St Paul’s Church, occupying a central position on the Broadwalk, still caters devotedly to those left behind by all this change. The question remains – as it does for all such regeneration schemes (and I will acknowledge their generally good intentions here) – how far the plethora of training schemes and lifestyle programmes can address the intractable realities of non-existent or insecure and low-paid employment and simple, plain poverty.
Nor is it controversial now to question Private Finance Initiatives as a vehicle for – what should be, at least – public investment. The method’s convoluted and protracted deal-making, the additional expense incurred catering for all the special interests involved, the high cost of borrowing have been widely criticised as have – although the Salford example doesn’t seem especially egregious in this regard – the long and disruptive delays in implementation. It’s been ‘an extreme form of contractualisation’, proven, in particular, ‘to be far more complicated and expensive to apply to the social housing sector’. (7)

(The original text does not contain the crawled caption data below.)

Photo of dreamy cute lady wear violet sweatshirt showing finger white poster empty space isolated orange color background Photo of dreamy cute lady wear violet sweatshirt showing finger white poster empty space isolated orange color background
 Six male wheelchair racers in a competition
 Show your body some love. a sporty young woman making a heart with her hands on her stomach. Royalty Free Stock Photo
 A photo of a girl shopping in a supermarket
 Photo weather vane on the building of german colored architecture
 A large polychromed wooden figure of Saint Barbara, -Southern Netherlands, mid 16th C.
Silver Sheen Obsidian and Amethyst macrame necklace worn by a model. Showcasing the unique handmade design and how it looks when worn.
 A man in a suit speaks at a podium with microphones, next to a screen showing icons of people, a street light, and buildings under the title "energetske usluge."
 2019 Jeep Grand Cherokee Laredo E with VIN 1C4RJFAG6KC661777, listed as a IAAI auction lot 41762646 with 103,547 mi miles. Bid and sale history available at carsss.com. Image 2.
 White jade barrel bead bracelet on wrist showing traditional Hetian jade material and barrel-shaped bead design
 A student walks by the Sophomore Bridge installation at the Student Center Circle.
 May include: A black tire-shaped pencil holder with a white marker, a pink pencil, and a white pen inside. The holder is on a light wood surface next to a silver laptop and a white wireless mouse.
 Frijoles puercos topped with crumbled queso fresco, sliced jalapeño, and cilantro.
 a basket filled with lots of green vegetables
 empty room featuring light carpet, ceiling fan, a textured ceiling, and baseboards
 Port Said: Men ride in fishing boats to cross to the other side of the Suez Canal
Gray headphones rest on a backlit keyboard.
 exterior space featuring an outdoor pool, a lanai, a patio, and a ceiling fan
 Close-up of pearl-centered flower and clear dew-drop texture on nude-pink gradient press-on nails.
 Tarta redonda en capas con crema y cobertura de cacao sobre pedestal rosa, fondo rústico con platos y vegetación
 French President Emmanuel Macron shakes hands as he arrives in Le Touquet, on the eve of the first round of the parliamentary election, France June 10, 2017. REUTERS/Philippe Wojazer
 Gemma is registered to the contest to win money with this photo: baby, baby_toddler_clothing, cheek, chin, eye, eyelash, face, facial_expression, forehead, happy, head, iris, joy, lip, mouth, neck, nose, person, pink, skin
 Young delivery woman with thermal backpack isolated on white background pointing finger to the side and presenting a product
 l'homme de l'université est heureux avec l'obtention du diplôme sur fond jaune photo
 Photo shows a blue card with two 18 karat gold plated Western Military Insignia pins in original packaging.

In all, as Stuart Hodkinson has concluded, rather mildly in the circumstances:
The PFI experience…calls into question one of the underlying principles behind the modernisation of social housing—that the private sector is more efficient than the public sector in providing housing services.
And that’s a good place to finish. Clearly, this extended Salford case-study demonstrates that the national and local state didn’t get everything right in its own rehousing programmes. There have been errors and inadequacies in process and implementation which have treated its citizens poorly. Having learnt from those mistakes but with an awareness now of our contemporary failures, it’s hard not to see public finance and democratic procedures as offering the most cost-efficient and accountable solution to our current housing crisis. Beyond that, the lesson from Salford – and other left-behind communities – is that we owe a communal duty to all those who have not benefited from our nation’s affluence. In this, decent and affordable housing is but one component.
(1) Phil Griffin, ‘On the Terraces’, Special issue. Housing Building design, BD magazine supplement no. 8, June 15 2007
(2) ‘Urban Splash Chimney Pot Park Housing Scheme Eyesore Slated by Salford Councillor’, Salford Star, 17 June 2014
(3) Creating a New Pendleton Benefits Realisation Plan (July 2009)
(4) Luke Cross, ‘Together closes Salford PFI with £82.6m two-tranche bond’, Social Housing, 4 October 2013
(5) Pendleton Together, An Ideal for Living (ND)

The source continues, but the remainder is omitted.